Family Office

INTERVIEW: Family Office Reaps Real Dividends From Wigmore Association - Pitcairn CEO

Tom Burroughes Group Editor London 14 July 2017

INTERVIEW: Family Office Reaps Real Dividends From Wigmore Association - Pitcairn CEO

One of the members of a group of large family offices talks about the benefits of collaboration in navigating business and investment in turbulent times.

Multi-family and single-family offices come in different shapes and sizes and for even the larger organisations, there is a need to consider pooling resources or forming mutual-support networks to get the resources that are hard to find in-house.

When six heavyweight family offices teamed up in 2011 to form the Wigmore Association they achieved greater clout on the investment research and manager selection side.

The association also opened up possibilities about the way family offices from different countries could work together. The members include HQ Trust (Germany), The Myer Family Company (Australia), Northwood Family Office (Canada), Pitcairn (US), Progeny 3 (US), SandAire (UK), Turim Family Office and Investment Management (Brazil) and Promecap (Mexico). During the past six years, the group has brought together chief investment officers; in addition to monthly check-ins, they meet twice a year to exchange views on the global economy and markets. Meetings have been held in London, New York, Melbourne, Toronto, Frankfurt, Rio de Janeiro, Montana, Silicon Valley,  Singapore, and India.

The group has achieved such momentum that since 2015, chief executive officers have joined Wigmore’s schedule, sharing best practices and swapping ideas about how their organisations can be run. 
Recently, Leslie Voth, who is president and CEO of Pitcairn, spoke to this publication about how she views the association and what such collaboration can achieve. Joining Pitcairn in 1993, Voth has been a member of its executive team since 1996. She has served in several leadership roles including director of marketing from 1996-2001, president of the wealth management group from 2002-2008, and president and chief operating officer from 2008 until taking on her present role.

“The Wigmore Association is a global partnership  that offers significant value to each member’s clients and business platforms,” Voth said. Recently, the group’s CEOs have talked about issues such as cyber security and next-generation issues, she shared.

In the investment conversations, there have been shared discussions and due diligence around private equity, Voth said, when asked about the current apparent vogue among family offices for direct investing and private markets. The participant family offices have gained real benefits from their global connectivity, discussing issues such as opportunities in global infrastructure investing, or more recently, the issues around Brexit, she continued. “Not only does this shared insight expand our global thinking, but it also gives us confidence to stay the course,” Voth said.

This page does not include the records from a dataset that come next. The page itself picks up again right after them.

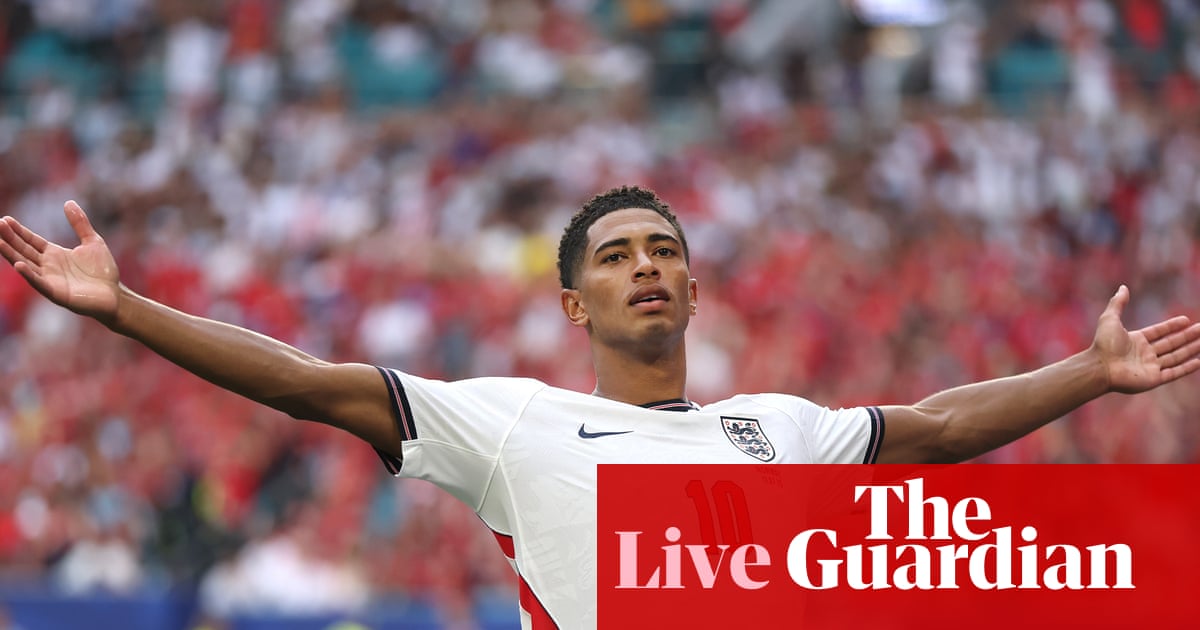 Two soccer players in dark blue jerseys embrace, with the FIFA World Cup 2026 logo displayed alongside text reading "355M USD GIVEN TO CLUBS GLOBALLY."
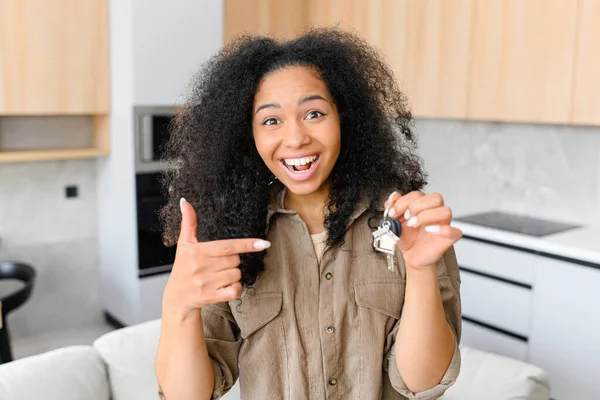 Relocation concept. Headshot of excited female moving in new home or apartment. Cheerful multiracial woman homeowner looking at camera and points finger at the keys with keychain in her hand
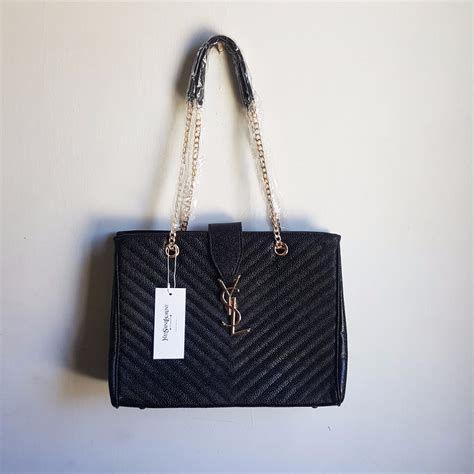 cartera negra yves saint laurent|Carteras y monederos Saint Laurent para mujer — FARFETCH.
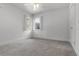 Bedroom with two windows offering natural light, neutral walls, and carpet flooring at 4301 Down Point Ln, Windermere, FL 34786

Since the Wigmore Association was set up it has expanded and from time to time its members have spoken about its work to FWR. Back in August 2012, a senior figure from member firm Sandaire, for example, said they don’t view the other family office members as competition, making it easier than it might otherwise be to pool ideas. 

International viewpoint
The investment conversations have ensured that family offices, even if they seek to take a global view rather than a more domestic one, can really deliver on this international perspective, Voth said. “Global investing has long been an important part of our investment platform for families and Wigmore has allowed us to become more advanced in our long-term strategy,” she said. 

A firm such as Pitcairn, which will be 100 years old in 2023, has to keep thinking of what developments lie around the corner, and a network such as the Wigmore Association is invaluable in helping to achieve that, she said.

Voth is proud of the fact that exactly half of the CEOs in the Wigmore Association are female; as a senior executive in the industry she is conscious of how important gender, and generational, diversity is to a healthy wealth industry in the future.

The sector as a whole faces a number of challenges – and chances for growth: changing wealth needs from Millennials; impact of modern financial technology, and multi-trillion dollar wealth transfers going on as the Baby Boomer generation passes on. Voth, along with her fellow Wigmore CEO members, is certain that it makes sense for family offices to network intelligently to stay ahead of the game.